TASK DESCRIPTION => Wherever the listing has a line with the string "Pink", copy that line out.

[Opening SOURCE DATA section]

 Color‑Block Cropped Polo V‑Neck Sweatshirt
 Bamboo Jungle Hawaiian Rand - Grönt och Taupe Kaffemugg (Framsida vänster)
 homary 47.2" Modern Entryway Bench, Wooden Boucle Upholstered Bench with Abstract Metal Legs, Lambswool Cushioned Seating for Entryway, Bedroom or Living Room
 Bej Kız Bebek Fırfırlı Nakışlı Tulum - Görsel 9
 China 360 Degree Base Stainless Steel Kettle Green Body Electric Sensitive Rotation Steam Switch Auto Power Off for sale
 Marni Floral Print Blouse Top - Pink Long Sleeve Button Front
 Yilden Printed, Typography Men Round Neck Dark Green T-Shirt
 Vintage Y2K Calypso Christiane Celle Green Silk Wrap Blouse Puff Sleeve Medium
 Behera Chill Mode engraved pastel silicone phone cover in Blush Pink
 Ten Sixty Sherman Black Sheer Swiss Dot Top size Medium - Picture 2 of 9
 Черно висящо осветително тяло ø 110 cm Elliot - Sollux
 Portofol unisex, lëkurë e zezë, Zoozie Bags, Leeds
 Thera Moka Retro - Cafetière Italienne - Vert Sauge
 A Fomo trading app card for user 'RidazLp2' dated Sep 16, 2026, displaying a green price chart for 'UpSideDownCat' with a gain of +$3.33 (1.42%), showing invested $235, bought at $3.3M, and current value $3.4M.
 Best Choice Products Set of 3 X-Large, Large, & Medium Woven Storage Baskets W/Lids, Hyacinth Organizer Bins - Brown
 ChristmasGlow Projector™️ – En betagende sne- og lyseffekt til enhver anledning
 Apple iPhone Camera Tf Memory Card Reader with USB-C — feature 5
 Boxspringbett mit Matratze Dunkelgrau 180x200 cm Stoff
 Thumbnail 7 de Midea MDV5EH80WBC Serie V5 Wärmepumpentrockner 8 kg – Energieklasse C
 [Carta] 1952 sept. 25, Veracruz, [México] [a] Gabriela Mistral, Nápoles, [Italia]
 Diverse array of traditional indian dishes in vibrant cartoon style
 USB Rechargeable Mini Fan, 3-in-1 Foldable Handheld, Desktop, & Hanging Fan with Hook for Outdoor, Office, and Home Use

[Closing SOURCE DATA section]

FINAL ANSWER =>
 Marni Floral Print Blouse Top - Pink Long Sleeve Button Front
 Behera Chill Mode engraved pastel silicone phone cover in Blush Pink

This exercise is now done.